━━ Material shown ━━

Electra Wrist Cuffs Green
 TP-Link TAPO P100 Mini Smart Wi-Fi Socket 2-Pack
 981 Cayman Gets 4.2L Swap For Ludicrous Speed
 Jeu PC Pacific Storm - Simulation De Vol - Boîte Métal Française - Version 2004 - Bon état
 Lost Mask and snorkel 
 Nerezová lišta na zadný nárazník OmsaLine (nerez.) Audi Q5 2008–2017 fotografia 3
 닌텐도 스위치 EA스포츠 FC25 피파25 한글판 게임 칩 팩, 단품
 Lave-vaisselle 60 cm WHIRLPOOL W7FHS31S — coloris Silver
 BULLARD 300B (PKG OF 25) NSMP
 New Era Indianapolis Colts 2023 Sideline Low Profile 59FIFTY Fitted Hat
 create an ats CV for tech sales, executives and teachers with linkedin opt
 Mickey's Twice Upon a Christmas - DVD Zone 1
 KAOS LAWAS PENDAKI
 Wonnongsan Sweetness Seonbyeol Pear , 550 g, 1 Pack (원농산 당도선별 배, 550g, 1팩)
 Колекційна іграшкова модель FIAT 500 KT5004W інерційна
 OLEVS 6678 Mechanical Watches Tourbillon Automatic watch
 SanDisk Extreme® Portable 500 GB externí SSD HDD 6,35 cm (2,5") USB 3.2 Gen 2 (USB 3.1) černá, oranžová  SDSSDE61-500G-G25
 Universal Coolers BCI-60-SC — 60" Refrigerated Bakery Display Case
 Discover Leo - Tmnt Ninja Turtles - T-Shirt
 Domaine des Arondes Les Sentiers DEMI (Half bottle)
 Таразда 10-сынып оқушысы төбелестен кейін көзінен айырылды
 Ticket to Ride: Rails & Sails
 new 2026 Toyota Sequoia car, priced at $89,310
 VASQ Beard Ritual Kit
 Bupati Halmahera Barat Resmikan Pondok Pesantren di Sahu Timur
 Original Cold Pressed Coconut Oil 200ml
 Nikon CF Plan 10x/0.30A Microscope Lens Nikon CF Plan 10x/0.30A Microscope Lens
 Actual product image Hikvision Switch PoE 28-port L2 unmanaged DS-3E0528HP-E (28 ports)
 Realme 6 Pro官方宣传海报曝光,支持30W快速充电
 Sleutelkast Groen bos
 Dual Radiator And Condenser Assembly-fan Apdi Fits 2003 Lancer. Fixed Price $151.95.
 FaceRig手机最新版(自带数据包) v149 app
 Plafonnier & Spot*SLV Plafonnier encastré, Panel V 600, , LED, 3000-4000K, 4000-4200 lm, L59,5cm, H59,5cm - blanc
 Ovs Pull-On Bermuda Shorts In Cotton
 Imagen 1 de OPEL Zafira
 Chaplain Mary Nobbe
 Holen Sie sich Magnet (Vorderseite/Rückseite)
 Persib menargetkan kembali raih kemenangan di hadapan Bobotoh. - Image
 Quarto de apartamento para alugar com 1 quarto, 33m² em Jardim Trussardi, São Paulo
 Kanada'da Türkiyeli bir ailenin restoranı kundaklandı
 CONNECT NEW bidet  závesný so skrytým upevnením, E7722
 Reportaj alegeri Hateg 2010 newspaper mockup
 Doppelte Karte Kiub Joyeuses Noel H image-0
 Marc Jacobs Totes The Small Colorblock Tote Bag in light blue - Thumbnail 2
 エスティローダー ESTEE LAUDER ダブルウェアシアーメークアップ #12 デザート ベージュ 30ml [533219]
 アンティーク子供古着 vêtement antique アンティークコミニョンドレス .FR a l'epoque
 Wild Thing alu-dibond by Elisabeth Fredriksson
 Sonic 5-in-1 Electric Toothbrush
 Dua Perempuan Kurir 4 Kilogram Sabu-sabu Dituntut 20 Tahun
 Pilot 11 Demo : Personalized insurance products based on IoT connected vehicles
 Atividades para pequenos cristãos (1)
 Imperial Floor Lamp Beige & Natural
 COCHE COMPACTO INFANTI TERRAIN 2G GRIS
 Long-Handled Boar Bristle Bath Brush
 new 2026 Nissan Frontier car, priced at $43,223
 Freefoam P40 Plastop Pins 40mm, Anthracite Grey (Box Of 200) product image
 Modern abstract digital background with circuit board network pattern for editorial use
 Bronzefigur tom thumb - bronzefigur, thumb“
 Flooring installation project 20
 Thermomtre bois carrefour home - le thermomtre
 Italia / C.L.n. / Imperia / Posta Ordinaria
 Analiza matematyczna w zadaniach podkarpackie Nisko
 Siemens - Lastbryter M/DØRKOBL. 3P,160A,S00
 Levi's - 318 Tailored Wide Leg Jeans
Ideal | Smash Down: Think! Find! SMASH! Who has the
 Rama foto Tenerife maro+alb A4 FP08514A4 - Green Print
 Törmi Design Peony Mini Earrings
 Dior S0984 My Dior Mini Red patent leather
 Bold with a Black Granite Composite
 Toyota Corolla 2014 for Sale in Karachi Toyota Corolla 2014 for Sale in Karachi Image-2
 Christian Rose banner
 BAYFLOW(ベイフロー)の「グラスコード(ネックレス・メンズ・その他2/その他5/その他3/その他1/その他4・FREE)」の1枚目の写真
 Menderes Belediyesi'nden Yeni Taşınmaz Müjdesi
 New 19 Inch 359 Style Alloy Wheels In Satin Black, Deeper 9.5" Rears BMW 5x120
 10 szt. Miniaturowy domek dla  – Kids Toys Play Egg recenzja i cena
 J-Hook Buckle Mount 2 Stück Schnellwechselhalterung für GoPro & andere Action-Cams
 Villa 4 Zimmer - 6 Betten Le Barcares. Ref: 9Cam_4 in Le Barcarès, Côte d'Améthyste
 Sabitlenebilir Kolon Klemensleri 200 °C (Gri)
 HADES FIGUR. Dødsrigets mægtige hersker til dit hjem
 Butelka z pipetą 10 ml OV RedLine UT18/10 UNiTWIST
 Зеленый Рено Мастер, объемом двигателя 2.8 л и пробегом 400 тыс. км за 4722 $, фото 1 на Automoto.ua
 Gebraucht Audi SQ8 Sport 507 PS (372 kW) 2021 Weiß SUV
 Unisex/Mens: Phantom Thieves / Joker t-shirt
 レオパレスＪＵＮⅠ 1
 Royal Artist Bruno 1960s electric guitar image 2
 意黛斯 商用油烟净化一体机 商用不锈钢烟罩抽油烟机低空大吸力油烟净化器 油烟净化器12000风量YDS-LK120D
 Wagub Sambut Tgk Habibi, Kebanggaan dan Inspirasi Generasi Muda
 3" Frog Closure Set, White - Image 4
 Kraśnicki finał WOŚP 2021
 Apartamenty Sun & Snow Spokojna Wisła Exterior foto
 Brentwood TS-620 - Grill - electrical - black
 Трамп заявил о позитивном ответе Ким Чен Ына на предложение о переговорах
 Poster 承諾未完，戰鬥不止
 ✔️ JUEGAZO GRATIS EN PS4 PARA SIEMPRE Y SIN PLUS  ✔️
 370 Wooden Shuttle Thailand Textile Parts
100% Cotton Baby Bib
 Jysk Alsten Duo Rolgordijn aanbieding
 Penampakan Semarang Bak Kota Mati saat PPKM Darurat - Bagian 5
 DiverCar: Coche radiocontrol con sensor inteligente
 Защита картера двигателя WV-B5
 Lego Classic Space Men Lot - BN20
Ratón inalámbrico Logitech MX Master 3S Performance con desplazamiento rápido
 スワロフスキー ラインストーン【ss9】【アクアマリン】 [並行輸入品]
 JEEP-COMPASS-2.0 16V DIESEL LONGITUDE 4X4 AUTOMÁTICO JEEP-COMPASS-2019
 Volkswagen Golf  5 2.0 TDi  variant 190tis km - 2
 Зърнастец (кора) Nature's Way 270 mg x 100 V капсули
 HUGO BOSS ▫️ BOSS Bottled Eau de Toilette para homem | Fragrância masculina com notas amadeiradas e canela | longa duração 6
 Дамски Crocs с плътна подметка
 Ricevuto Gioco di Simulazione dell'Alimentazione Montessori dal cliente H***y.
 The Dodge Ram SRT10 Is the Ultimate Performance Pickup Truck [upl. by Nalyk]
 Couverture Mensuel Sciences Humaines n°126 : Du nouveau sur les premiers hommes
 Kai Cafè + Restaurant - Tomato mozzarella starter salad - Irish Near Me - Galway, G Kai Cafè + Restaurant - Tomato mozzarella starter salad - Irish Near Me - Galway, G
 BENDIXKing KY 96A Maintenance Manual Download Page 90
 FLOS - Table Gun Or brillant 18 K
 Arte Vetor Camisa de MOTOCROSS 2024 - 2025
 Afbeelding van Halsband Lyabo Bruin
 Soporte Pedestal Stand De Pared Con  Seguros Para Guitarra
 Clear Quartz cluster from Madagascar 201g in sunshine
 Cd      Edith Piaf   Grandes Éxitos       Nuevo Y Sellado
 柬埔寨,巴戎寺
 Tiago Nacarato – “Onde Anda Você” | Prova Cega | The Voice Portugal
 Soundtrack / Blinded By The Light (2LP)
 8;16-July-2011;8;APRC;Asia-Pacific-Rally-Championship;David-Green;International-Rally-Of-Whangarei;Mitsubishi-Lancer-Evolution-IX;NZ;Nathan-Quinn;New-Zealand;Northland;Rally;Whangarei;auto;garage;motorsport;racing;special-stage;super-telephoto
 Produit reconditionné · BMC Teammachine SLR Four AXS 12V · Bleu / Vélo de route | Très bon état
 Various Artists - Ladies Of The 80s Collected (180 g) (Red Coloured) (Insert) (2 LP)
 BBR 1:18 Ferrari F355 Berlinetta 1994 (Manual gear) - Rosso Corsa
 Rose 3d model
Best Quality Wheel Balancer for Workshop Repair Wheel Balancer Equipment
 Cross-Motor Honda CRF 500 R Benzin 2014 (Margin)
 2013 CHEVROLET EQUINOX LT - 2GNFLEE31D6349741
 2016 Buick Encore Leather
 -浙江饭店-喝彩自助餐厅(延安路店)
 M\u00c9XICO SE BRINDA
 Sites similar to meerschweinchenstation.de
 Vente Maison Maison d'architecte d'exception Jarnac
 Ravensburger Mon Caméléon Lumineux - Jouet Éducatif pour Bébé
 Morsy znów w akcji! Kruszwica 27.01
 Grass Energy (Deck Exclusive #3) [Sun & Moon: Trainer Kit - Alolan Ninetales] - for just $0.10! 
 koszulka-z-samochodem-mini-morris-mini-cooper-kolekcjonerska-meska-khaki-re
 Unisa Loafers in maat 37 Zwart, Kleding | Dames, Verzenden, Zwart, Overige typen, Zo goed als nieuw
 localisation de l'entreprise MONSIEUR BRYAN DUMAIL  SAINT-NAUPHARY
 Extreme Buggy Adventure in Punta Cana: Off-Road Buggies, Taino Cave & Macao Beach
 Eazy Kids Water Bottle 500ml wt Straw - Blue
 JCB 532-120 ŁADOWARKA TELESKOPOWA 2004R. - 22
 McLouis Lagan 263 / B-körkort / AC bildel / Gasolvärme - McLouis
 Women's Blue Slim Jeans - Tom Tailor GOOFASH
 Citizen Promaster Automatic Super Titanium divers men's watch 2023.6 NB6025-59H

━━━

Work required: The lines above that include "Cotton" should each be listed.

Response to this task:
 Ovs Pull-On Bermuda Shorts In Cotton
100% Cotton Baby Bib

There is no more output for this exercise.